§ **What to do**: Output only the lines below from the one holding "Room 25 of 34" down to the one holding "レジデンスさくら | おしゃれなリビングです", both end lines included and every picture dropped.

§ **Excerpted data**:
==========
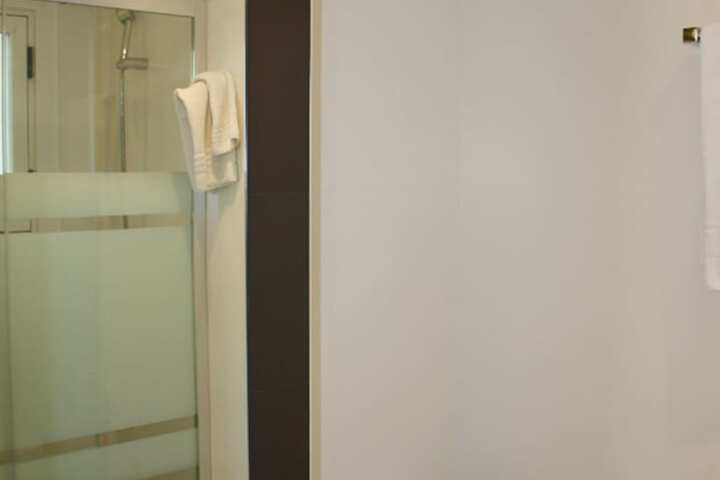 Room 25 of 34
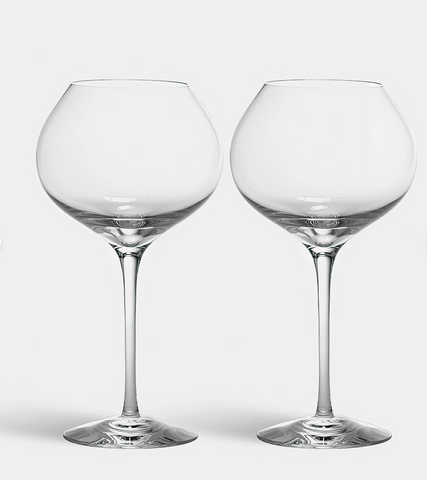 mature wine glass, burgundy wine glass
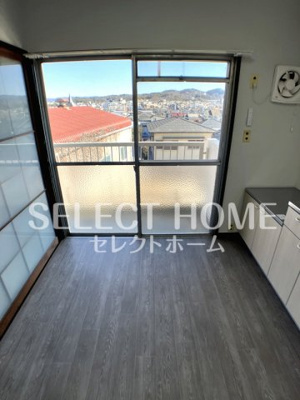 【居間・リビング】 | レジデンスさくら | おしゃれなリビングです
==========
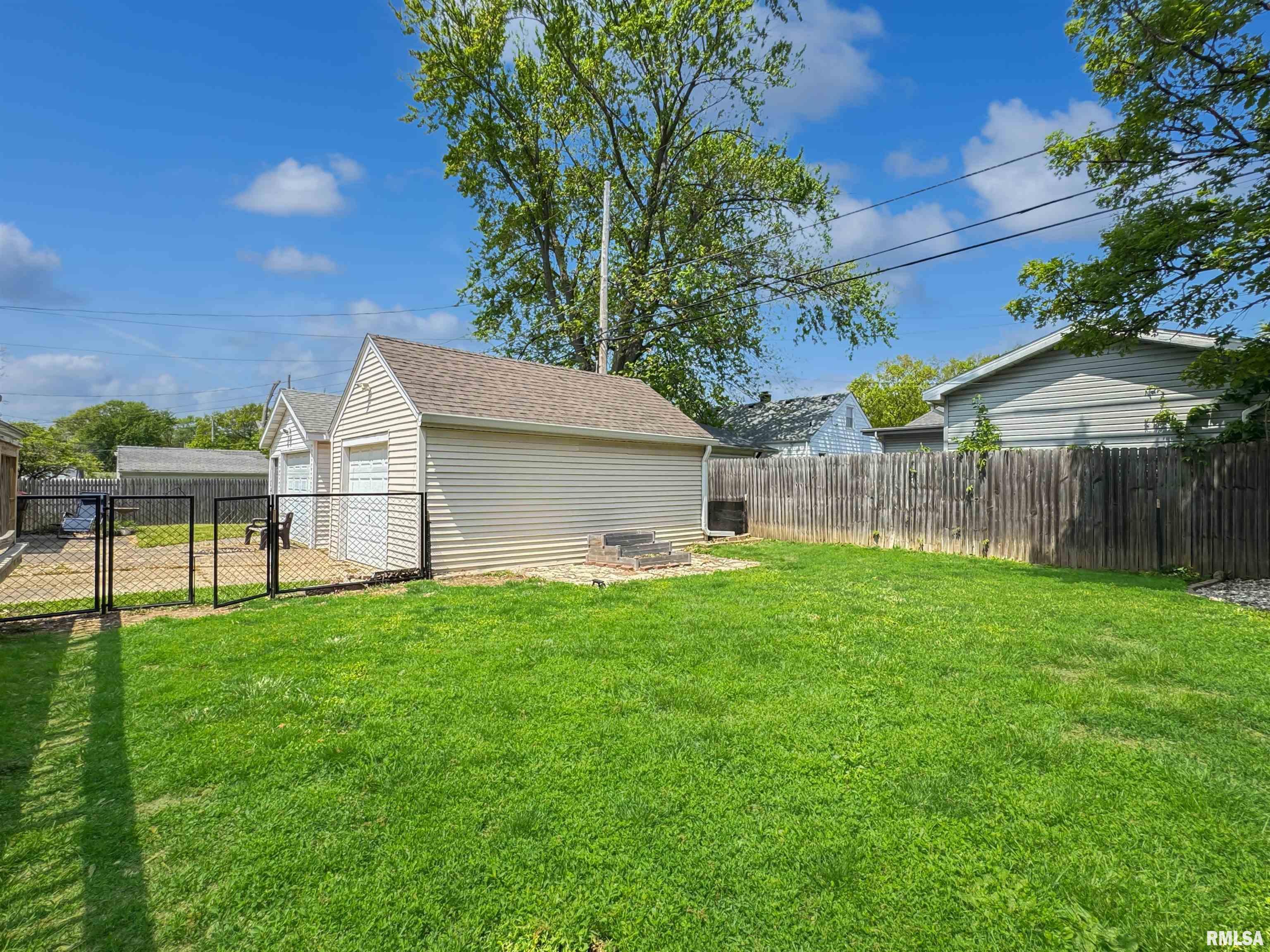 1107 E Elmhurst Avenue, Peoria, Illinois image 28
==========
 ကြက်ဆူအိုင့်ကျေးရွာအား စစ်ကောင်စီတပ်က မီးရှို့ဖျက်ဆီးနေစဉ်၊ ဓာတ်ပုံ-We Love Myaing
==========
§ **Worked solution**:
 Room 25 of 34
 mature wine glass, burgundy wine glass
 【居間・リビング】 | レジデンスさくら | おしゃれなリビングです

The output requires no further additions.